- **WORK REQUIRED**: No pictures go into the copy. Write out every line below exactly.

- **MATERIAL FOR THE TASK**:
* * *

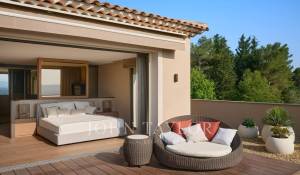 Venta Villa Mougins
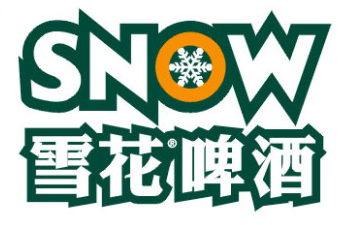 蜀云物連(568yun.com)-物聯網解決方案及服務提供商,以移動互聯網為工具，基于云計算、大數據的技術,實現F2C精準營銷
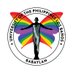 UPLB Babaylan #SOGIEEqualityNOW Profile picture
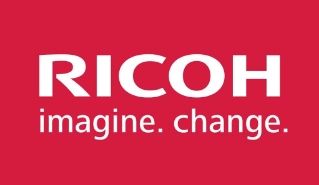 logo ricoh logo ricoh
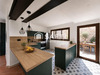 Ma-Cabane - Vente Maison Carcassonne, 100 m²
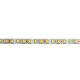 Светодиодная лента Feron 19W/m 240LED/m 2835SMD холодный белый 5М LS617 48828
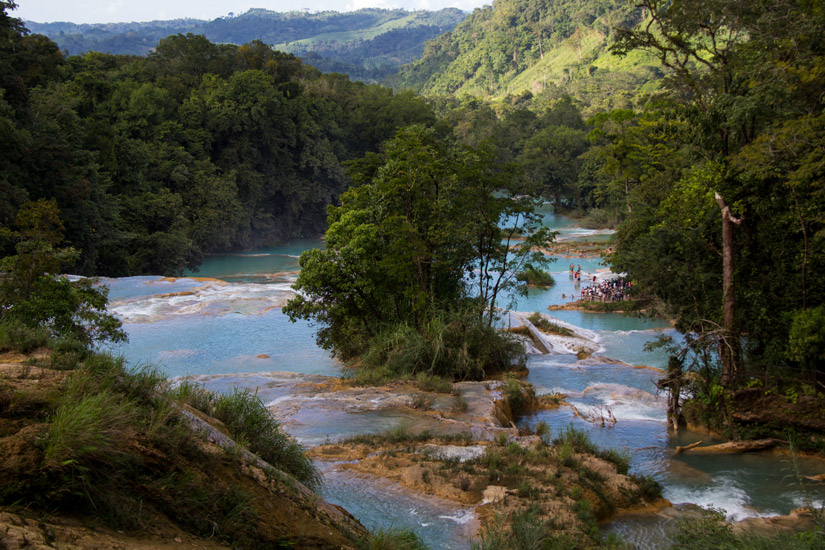 2_palenque_agua-azul-5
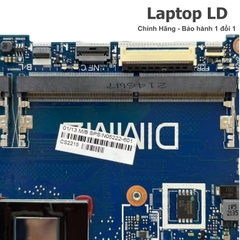 Main HP EliteBook 855 G8 CPU | Ryzen 5 Pro 5650U | 6050A3239901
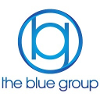 The Blue Group job listing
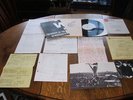 The Who; Live at Leeds. Black text/1st label. NEAR MINT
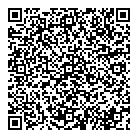 QR код "ГрупИнвест"
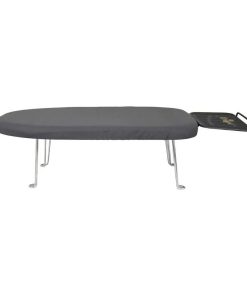 میز اتو نشسته کوچک یونیک مدل UN-7010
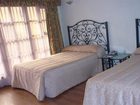фото отеля La Finca Del Minero Hotel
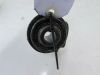 Speedometer gear box Yamaha FJ 1200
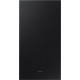 Саундбар Samsung HW-B650 3.1-Channel 430W 6.5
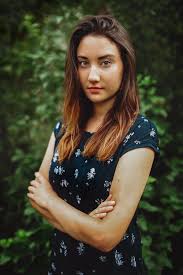 Madison cawthorn at the republican national convention in august. Women Come Forward Accuse Madison Cawthorn Of Sexual Assault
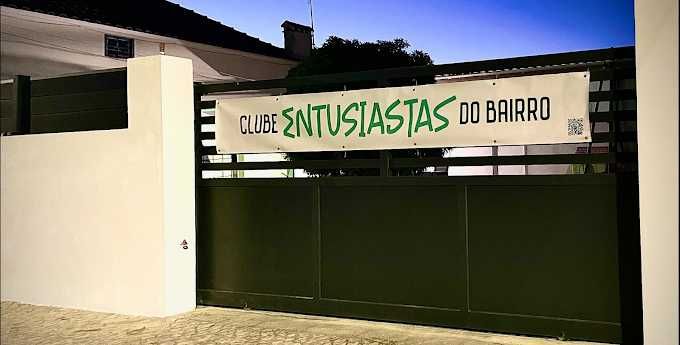 Centro de Estudos e Ocupação de Tempos Livres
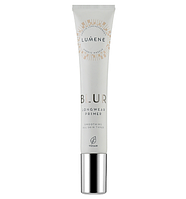 Праймер для лица Lumene Blur Longwear Primer 20 мл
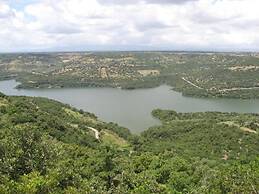 Sardinia International House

* * *

- **RESULT OF THE TASK**:
 Venta Villa Mougins
 蜀云物連(568yun.com)-物聯網解決方案及服務提供商,以移動互聯網為工具，基于云計算、大數據的技術,實現F2C精準營銷
 UPLB Babaylan #SOGIEEqualityNOW Profile picture
 logo ricoh logo ricoh
 Ma-Cabane - Vente Maison Carcassonne, 100 m²
 Светодиодная лента Feron 19W/m 240LED/m 2835SMD холодный белый 5М LS617 48828
 2_palenque_agua-azul-5
 Main HP EliteBook 855 G8 CPU | Ryzen 5 Pro 5650U | 6050A3239901
 The Blue Group job listing
 The Who; Live at Leeds. Black text/1st label. NEAR MINT
 QR код "ГрупИнвест"
 میز اتو نشسته کوچک یونیک مدل UN-7010
фото отеля La Finca Del Minero Hotel
 Speedometer gear box Yamaha FJ 1200
 Саундбар Samsung HW-B650 3.1-Channel 430W 6.5
 Madison cawthorn at the republican national convention in august. Women Come Forward Accuse Madison Cawthorn Of Sexual Assault
 Centro de Estudos e Ocupação de Tempos Livres
 Праймер для лица Lumene Blur Longwear Primer 20 мл
 Sardinia International House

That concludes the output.